Bientôt le robot compagnon
Dans une catégorie un cran au-dessus en termes d’intelligence arrive ensuite le robot-compagnon. « Il n’accomplira pas forcément des tâches physiques importantes mais permettra d’apporter une aide au quotidien : détection d’éventuels problèmes dans la maison, présence pour les seniors ou jeux avec les enfants », explique Rodolphe Hasselvander, fondateur et président de la start-up Blue Frog Robotics. Sa société compte justement commercialiser avant la fin de l’année un robot compagnon nommé Buddy, après une campagne de prévente sur Kickstarter lancée le 27 mai. L’idée première de Blue Frog en développant Buddy ? Démocratiser la robotique auprès du grand public en proposant un robot compagnon à moins de 1000 euros, mignon et rassurant. Il sera donc capable de jouer avec les enfants, de surveiller une personne âgée (par exemple détecter une chute puis envoyer une alerte à une personne-référente), de diffuser de la musique en suivant le propriétaire dans les différentes pièces de la maison… Mais aussi de garder le domicile et d’envoyer un message en cas de fuite d’eau, de gaz, d’incendie ou de présence de cambrioleurs. Buddy permettra également de faire de la télé-présence.
Un public à rassurer
Outre ses fonctionnalités, un robot de ce type a pour intérêt de permettre une certaine forme d’évangélisation. Car différents freins ralentissent encore la pénétration de la robotique au cœur du domicile. Outre les prix élevés refroidissant même les plus passionnés, le grand public reste méfiant vis-à-vis de ces « machines ». « Ces technologies et ce qu’elles permettent de faire intéressent les gens, mais il faut que le robot soit petit et mignon, qu’il ne donne pas l’impression que demain il risque de prendre le pouvoir », résume en souriant Rodolphe Hasselvander. En clair, le propriétaire d’un robot souhaite s’assurer qu’il maîtrise la situation, presque « physiquement ». Un robot utile au design sympa est une façon de mettre un pied dans la porte pour habituer le grand public à cette présence et proposer ensuite des robots plus développés et imposants. Les start-up le sentent : le potentiel commercial de la robotique domestique et de service est énorme mais le déclic (la « killer app’ » ou autre) n’a pas encore eu lieu.

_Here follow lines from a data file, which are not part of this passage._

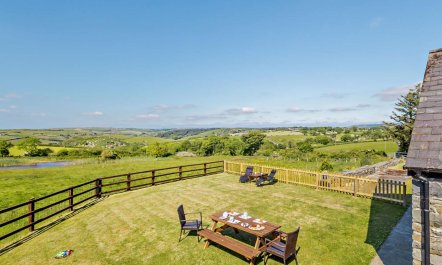 4 Bed in Llanrhystud 1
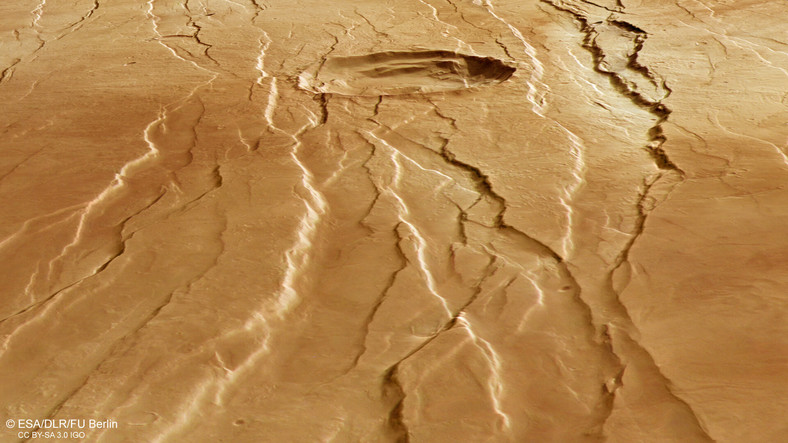 Tantalus Fossae na obrazach z sondy Mars Express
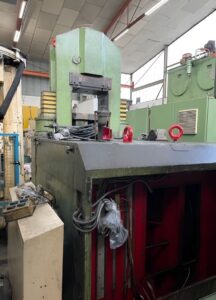 ナックルジョイントプレス Grabener GK800 - 800 トン (写真 1)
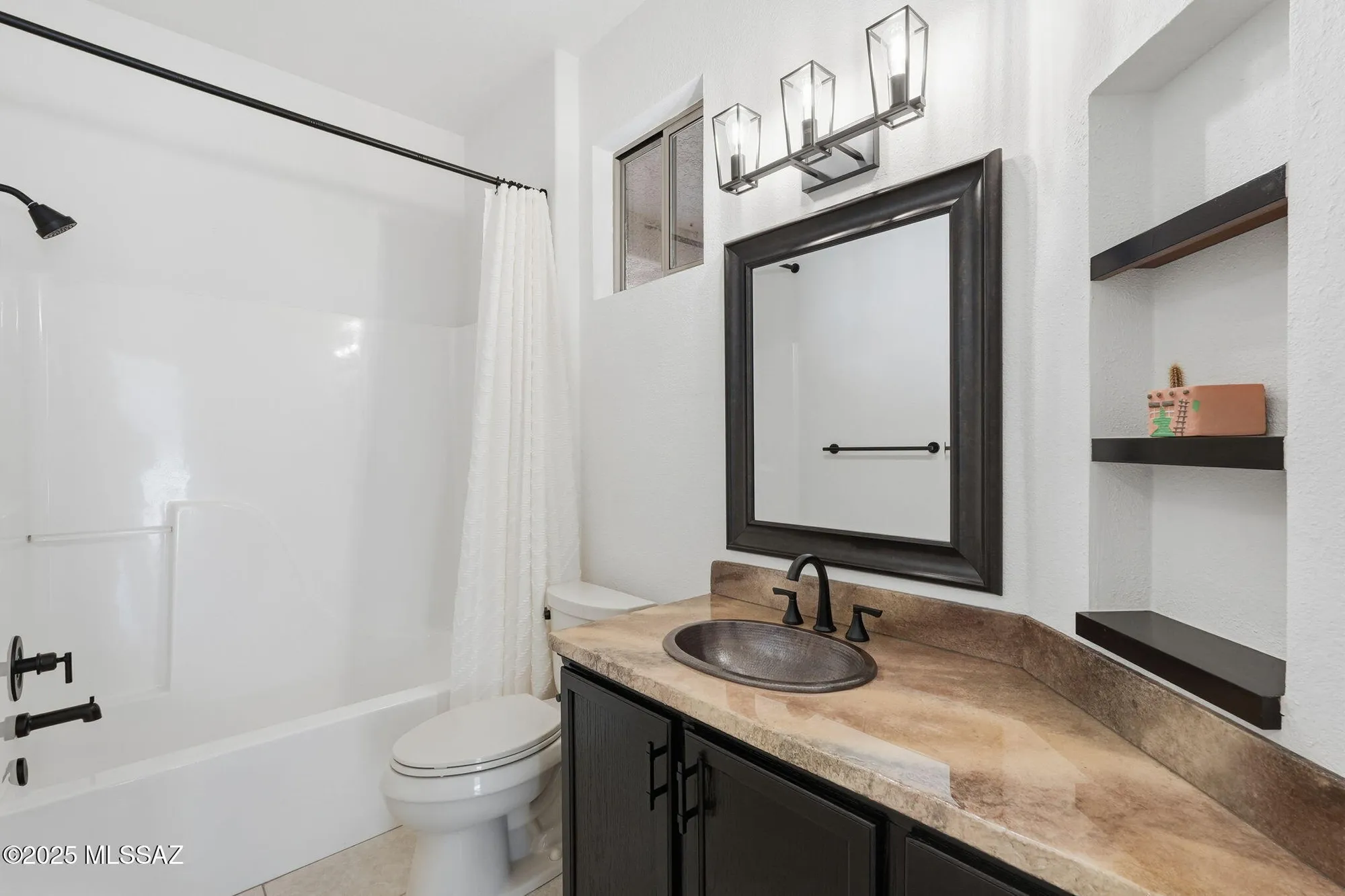 Property Slideshow image 26 of 50 | 4751 s longmore dr, Green Valley, AZ, 85622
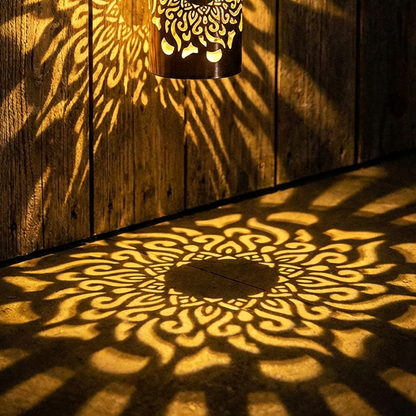 🏖️ Sommer-Sale 60% Rabatt 🏝️🌞 Solar Mandala Light – Stunning Pattern Projection, 2-in-1 Floor & Wall Design & IP65 Waterproof Auto On/Off 🌿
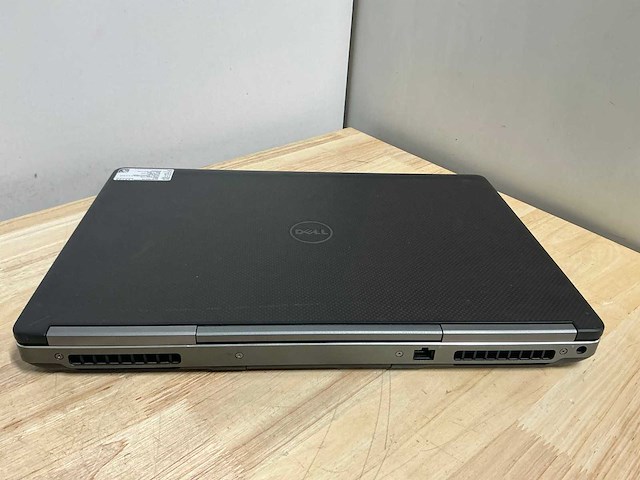 Dell precision 7720(i7) laptop - afbeelding 6 van  8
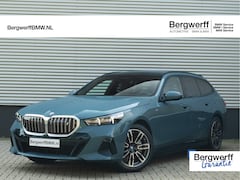 BMW i5 Touring - eDrive40 M-Sport - Onderstel Prof - Pano - Trekhaak - Bowers & Wilkins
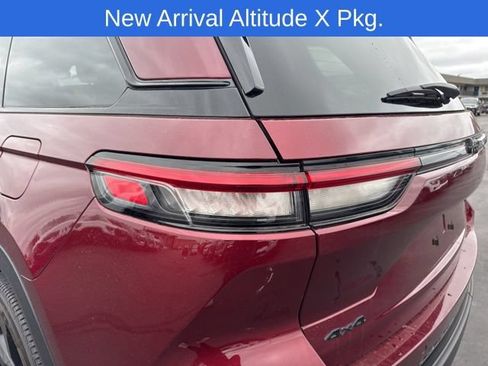 Used 2024 Jeep Grand Cherokee Altitude AWD/4WD image 25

Pour l’instant, les professionnels du secteur ne parient pas sur une future révolution des usages, mais sur des changements progressifs. Viendra plus tard, peut-être, le « Graal de la robotique » (Jérôme Laplace), « l’interface ultime » (Catherine Simon) : le robot humanoïde effectuant des tâches de façon autonome. « Je crois, à ce niveau, à une robotique d’assistance à la personne, humanoïde et collaborative, développe la présidente d’Innorobo. C’est-à-dire que l’on s’adressera en effet directement au robot, mais qu’il ne saura pas tout faire. Il y aura une forme de collaboration réciproque : par exemple il ne saura pas ouvrir une porte fermée à clé mais moi je sais le faire, et je ne peux pas porter ma valise trop lourde mais lui le peut ; alors il portera ma valise et passera par la porte que j’aurai ouverte. » Ou bien viendra peut-être le moment où le robot, demain, sera le centralisateur, le hub de la domotique et des objets connectés de la maison intelligente qui permettra de les fédérer et de les gérer. Mais il est encore tôt et restent, au final, de nombreux enjeux (technologiques, économiques…), d’espoirs et de questions : un robot humanoïde pour accomplir l’ensemble des tâches ou un petit robot pour chacune ? Quid des enjeux de sécurité en cas de « grand » robot ? Comment donner aux gens l’envie d’interagir avec le robot ? Pourront-ils nous permettre d’optimiser nos consommations énergétiques ?…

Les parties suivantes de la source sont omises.